The introduction to Scott Lash and John Urry's book summarises their whole argument and raises three questions:
a) The basic templates of "organised" and "disorganised" capitalism;
b) The role of the "service class";
c) Cultural changes.

On cultural changes, the basic argument sketched in the introduction seems to be that with the rise of "disorganised" capitalism:
a) culture has become more fragmented and pluralist. This is a direct contradiction to the commonplace argument that globalisation has made culture more homogeneous and uniform. Is the answer, maybe, that culture has been cosmopolitanised, so that you get approximately the same variety everywhere, but it is a larger variety?
b) culture has been "cosmopolitanised" in cross-class as well as cross-national terms, so that there is much less of a walled-off "working-class culture".
c) the result is greater cultural resources for general "radical-democratic" struggle, but fewer for self-consciously specific working-class struggle.
- If there has been a loss of "working-class culture", is this, under capitalism, a real loss?

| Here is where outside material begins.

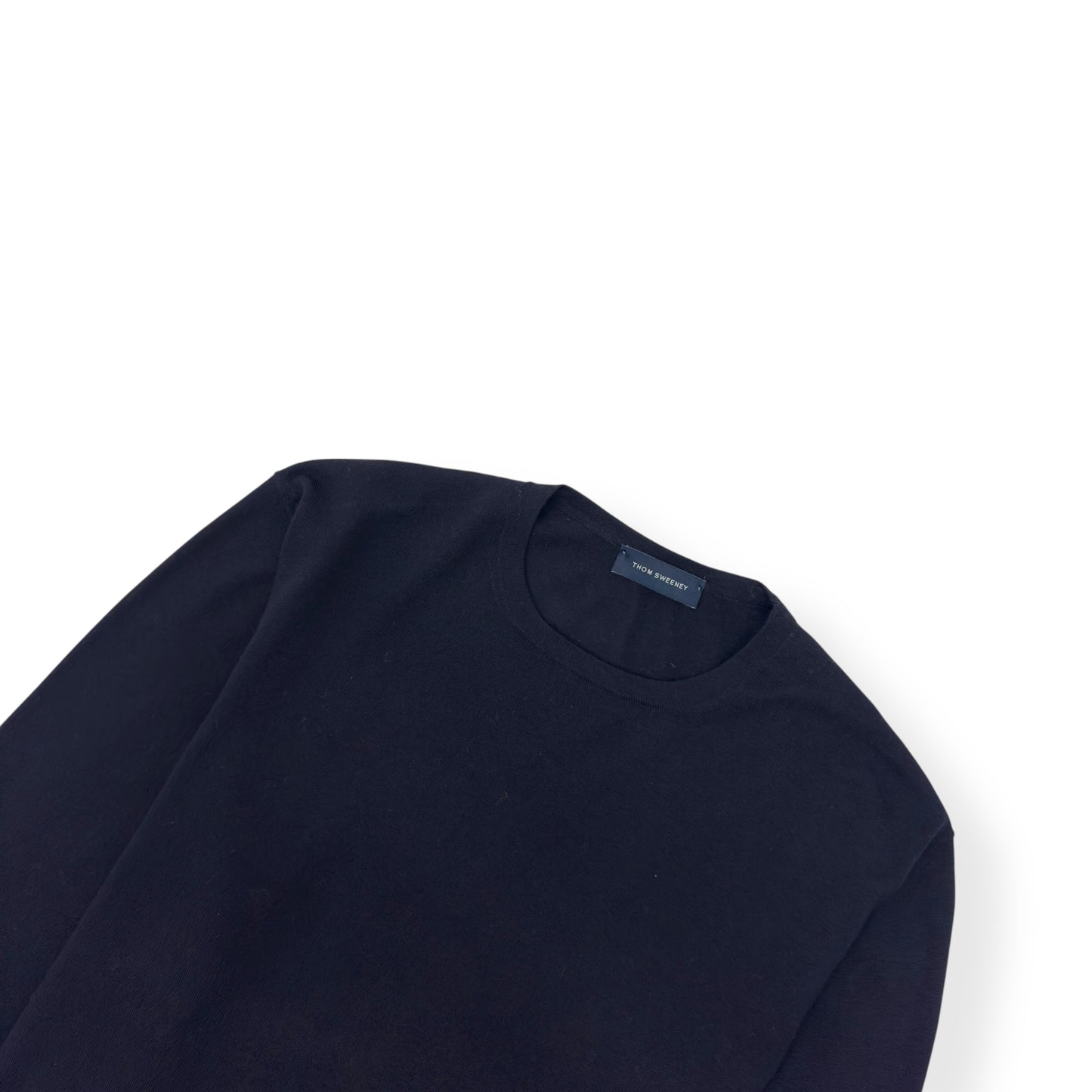 THOM SWEENEY MERINO WOOL SWEATER BLACK 52 / L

Or is it the loss of a sense of defiant exclusion, pauperisation, subordination?
- In the Grundrisse, Marx sees "consumerism" as "an essential civilising moment" of capital. "In spite of all his 'pious' speeches [the capitalist] therefore searches for means to spur [the workers] on to consumption, to give his wares new charms, to inspire them with new needs by constant chatter, etc. It is precisely this side of the relation of capital and labour which is an essential civilising moment..." (p.287). Is this anachronistic? Or not at all so (cf Murray Kane's article in "The Point of Change" pp.214ff or in Workers' Liberty 50/1)?
- How do we rigorously check out any of these hypotheses about cultural changes? And how, specifically, do we establish how they are connected with the economic changes?

All these points need to be noted for further discussion when we come to the last chapter of the book, when Lash and Urry look at cultural changes in detail.

On the basic templates, Lash and Urry's fourteen-point list of defining characteristics of "organised" and "disorganised" capitalism lacks structure. Which of the fourteen points are central? Which structure and shape others?

The list also has a curious omission. "Organised" capitalism is, at least to a large extent, about a *national* economy which is organised - its general conditions of production set up, its credit system regulated, its labour market managed, its industries clustered - by a *national state*. "Disorganised" capitalism is, at least to a large extent, about capitalism "organised" on a world scale, by transnational corporations but also by states which now define their policy in terms of gearing their economies into the world market and by associations of states (IMF, WTO, G8, etc.)
Up to a point the fundamental contrast is global/national rather than disorganised/organised.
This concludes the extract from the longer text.